# Civic Matters > Suburban & Other OK Communities > Midwest City/Del City >  Del City planning movie theater for Scott Street and I-40

## DCARS

https://www.mustangpaper.com/2017/08...movie-theater/

I just found this story posted on the Del City Chamber of Commerce Facebook page.  While very exciting, I am a little concerned about being so close (1 mile) from the new Warren Theater to be built near SE 15th and Sooner.  The story shows there will be a new grocery store and four restaurants. I truly hope that it happens and is successful.  The city tore down an apartment complex a few years ago in that spot.  I only live about a mile from there.

Here is another story that was posted on the Mayor's Facebook page... http://www.oklahoman.com/article/556...0c60d450fd4a38

----------


## jonny d

I think the thing that is different is the bowling alley/entertainment center aspect.
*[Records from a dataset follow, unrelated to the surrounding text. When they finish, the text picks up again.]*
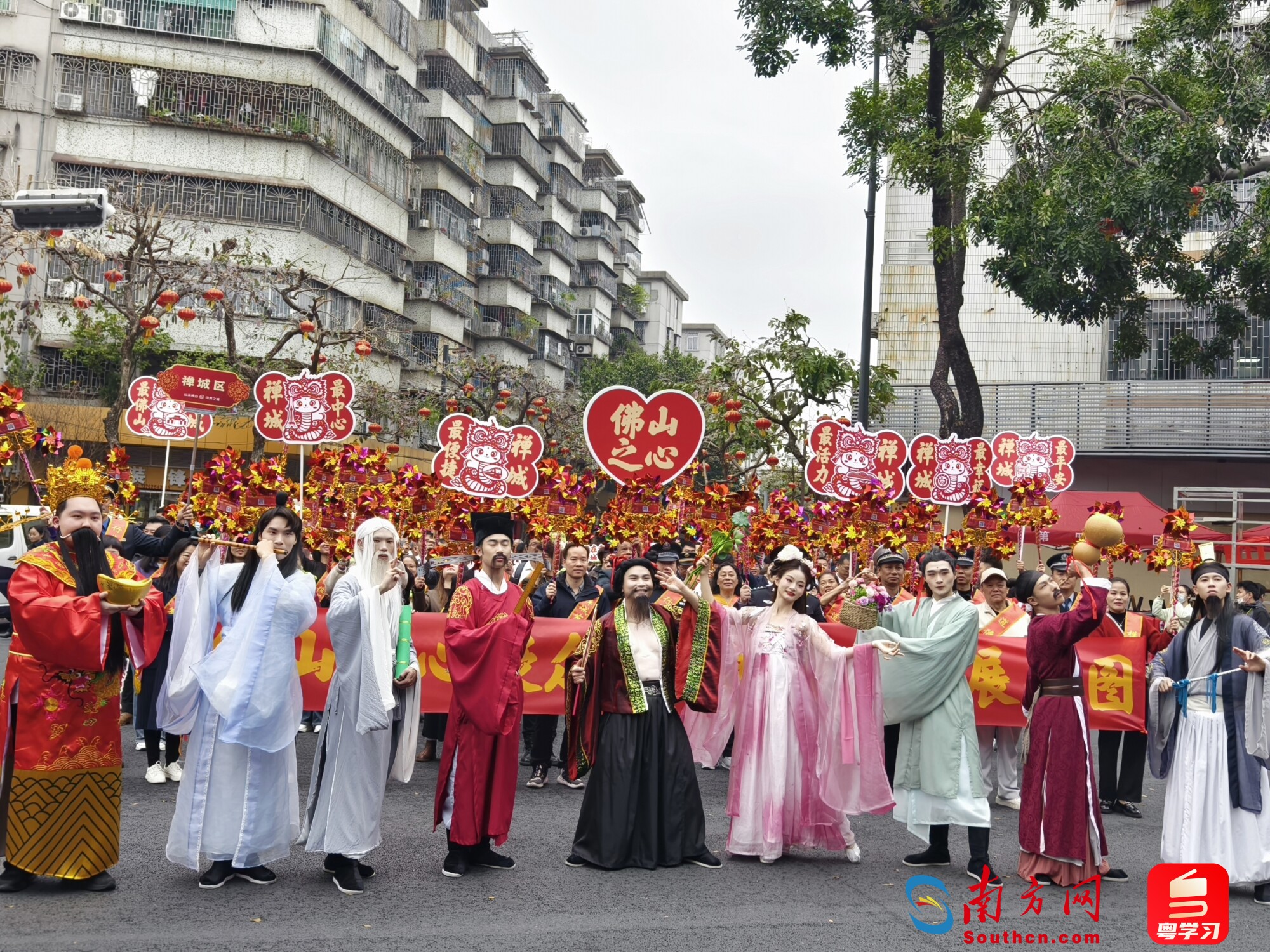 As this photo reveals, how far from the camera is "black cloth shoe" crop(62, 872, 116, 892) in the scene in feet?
17.8

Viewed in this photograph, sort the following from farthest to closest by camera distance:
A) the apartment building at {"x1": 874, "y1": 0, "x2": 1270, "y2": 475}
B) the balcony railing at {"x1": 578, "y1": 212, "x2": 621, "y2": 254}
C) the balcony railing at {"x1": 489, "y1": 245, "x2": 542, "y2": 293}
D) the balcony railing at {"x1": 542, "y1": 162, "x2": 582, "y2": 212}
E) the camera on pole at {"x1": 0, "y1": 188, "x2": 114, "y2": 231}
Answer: the balcony railing at {"x1": 578, "y1": 212, "x2": 621, "y2": 254}
the balcony railing at {"x1": 542, "y1": 162, "x2": 582, "y2": 212}
the balcony railing at {"x1": 489, "y1": 245, "x2": 542, "y2": 293}
the apartment building at {"x1": 874, "y1": 0, "x2": 1270, "y2": 475}
the camera on pole at {"x1": 0, "y1": 188, "x2": 114, "y2": 231}

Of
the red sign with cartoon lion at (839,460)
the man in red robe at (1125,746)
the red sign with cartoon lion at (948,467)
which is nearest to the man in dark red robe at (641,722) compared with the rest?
the man in red robe at (1125,746)

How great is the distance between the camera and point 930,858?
655cm

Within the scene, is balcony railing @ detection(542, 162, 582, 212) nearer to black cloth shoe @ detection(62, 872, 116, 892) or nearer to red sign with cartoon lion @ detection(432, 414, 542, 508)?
red sign with cartoon lion @ detection(432, 414, 542, 508)

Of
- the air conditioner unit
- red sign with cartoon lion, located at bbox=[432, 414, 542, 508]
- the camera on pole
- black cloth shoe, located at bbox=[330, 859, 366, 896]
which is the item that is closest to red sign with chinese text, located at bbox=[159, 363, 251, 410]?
red sign with cartoon lion, located at bbox=[432, 414, 542, 508]

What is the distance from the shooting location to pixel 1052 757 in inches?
242

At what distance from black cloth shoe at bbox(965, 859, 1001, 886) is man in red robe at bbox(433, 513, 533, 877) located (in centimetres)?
235

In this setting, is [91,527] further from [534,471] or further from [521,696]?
[534,471]

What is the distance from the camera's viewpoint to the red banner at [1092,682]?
8.62 metres

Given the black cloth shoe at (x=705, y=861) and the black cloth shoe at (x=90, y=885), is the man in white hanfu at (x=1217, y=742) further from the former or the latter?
the black cloth shoe at (x=90, y=885)

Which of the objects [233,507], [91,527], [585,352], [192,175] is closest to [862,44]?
[233,507]

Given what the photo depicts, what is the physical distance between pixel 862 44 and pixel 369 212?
66.0 feet

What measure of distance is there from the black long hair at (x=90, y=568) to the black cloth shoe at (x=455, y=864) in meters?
1.80

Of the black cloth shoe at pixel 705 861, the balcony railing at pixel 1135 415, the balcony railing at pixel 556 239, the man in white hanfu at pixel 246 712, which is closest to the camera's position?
the man in white hanfu at pixel 246 712
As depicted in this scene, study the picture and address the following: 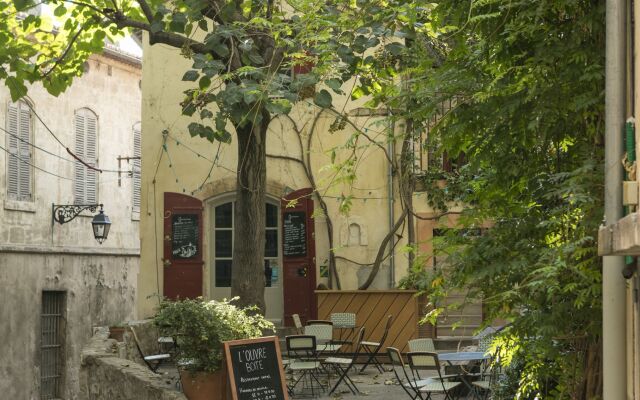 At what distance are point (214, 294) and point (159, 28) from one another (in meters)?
7.97

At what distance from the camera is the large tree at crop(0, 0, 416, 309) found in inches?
411

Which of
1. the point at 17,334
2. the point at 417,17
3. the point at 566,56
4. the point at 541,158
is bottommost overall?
the point at 17,334

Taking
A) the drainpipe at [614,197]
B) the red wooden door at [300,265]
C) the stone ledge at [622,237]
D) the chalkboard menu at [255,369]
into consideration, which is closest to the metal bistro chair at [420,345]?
the chalkboard menu at [255,369]

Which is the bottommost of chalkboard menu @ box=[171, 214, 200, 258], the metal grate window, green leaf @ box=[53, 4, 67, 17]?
the metal grate window

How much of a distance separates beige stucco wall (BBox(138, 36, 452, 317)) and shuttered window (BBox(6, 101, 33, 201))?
4.56 metres

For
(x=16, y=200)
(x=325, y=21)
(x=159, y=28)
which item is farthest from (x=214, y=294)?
(x=325, y=21)

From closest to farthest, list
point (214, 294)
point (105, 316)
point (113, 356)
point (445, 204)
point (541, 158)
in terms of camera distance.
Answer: point (541, 158) → point (113, 356) → point (445, 204) → point (214, 294) → point (105, 316)

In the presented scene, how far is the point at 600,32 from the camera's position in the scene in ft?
→ 21.3

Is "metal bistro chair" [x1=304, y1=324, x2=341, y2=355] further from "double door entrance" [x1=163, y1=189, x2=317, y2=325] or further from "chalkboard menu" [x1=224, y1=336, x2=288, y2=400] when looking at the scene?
"chalkboard menu" [x1=224, y1=336, x2=288, y2=400]

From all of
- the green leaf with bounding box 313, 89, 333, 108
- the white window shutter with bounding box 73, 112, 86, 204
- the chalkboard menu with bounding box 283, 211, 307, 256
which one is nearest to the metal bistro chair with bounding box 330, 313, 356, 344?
the chalkboard menu with bounding box 283, 211, 307, 256

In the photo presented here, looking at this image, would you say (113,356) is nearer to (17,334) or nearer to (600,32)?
(600,32)

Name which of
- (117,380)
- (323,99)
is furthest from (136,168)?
(323,99)

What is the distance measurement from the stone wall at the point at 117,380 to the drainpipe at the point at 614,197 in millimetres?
5137

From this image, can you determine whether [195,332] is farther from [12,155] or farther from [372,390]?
[12,155] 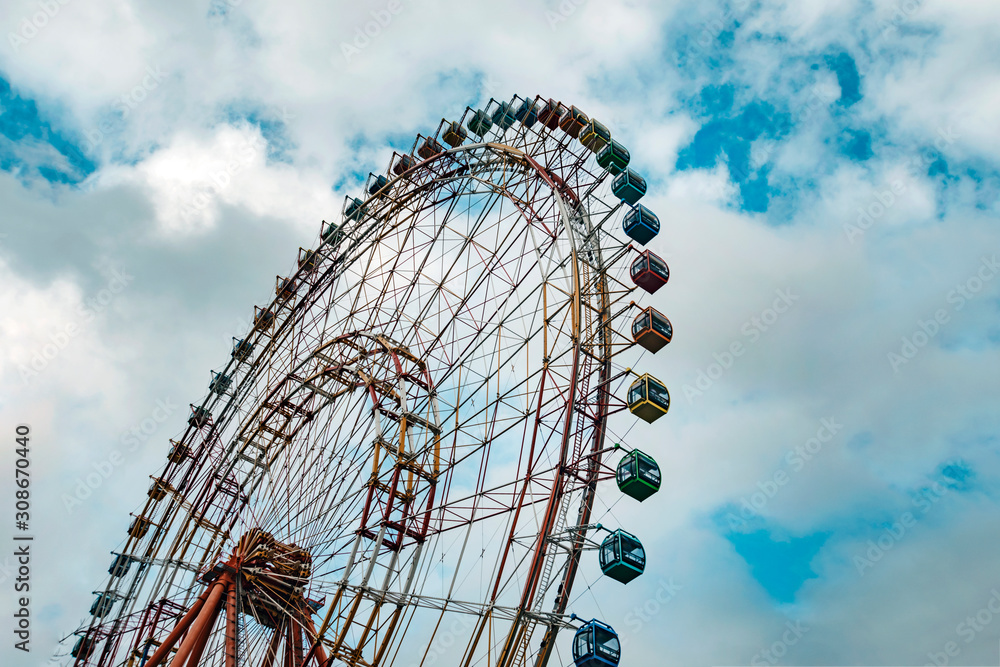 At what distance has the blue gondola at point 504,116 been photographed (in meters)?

If it is of good quality, those aspects alone will help attract different peopl than the Warren. It is weird that the Mid-Del area went over a decade with no movie screens, and now we will have around 25.

----------


## bombermwc

I saw this too. Same concern regarding the proximity with the new MWC theater (assuming it gets built) and really this one is very close to downtown's theater. I'm glad to see something happening in this area. Fingers crossed that their grocery option isn't just Save a Lot or some crappy thing like that.

----------


## Plutonic Panda

Site plan:



Website link: http://www.huntprop.com/del-city

----------


## DowntownMan

> Site plan:
> 
> 
> 
> Website link: http://www.huntprop.com/del-city


The grocery building seems small like the size of a natural grocers. Which by the way doesn't have a locations in this area so that might be what it is..

----------


## bombermwc

Dare i wish for Sprouts?

----------


## cad_poke

Looking at the site plan, the size and shape of the building are identical to prototypical Aldi.

----------


## DCARS

I looked on our Nextdoor.com web site and saw that it is going to be a Showbiz! Cinemas movie theater.

----------


## Dafonso7

Do you have anything heard from an update?

----------


## bombermwc

There hasn't been any work at all. I suspect that the deal fell through after the plans came out for 15th/Sooner.

----------


## DCARS

I've discovered this development has fallen through and will not be happening.

----------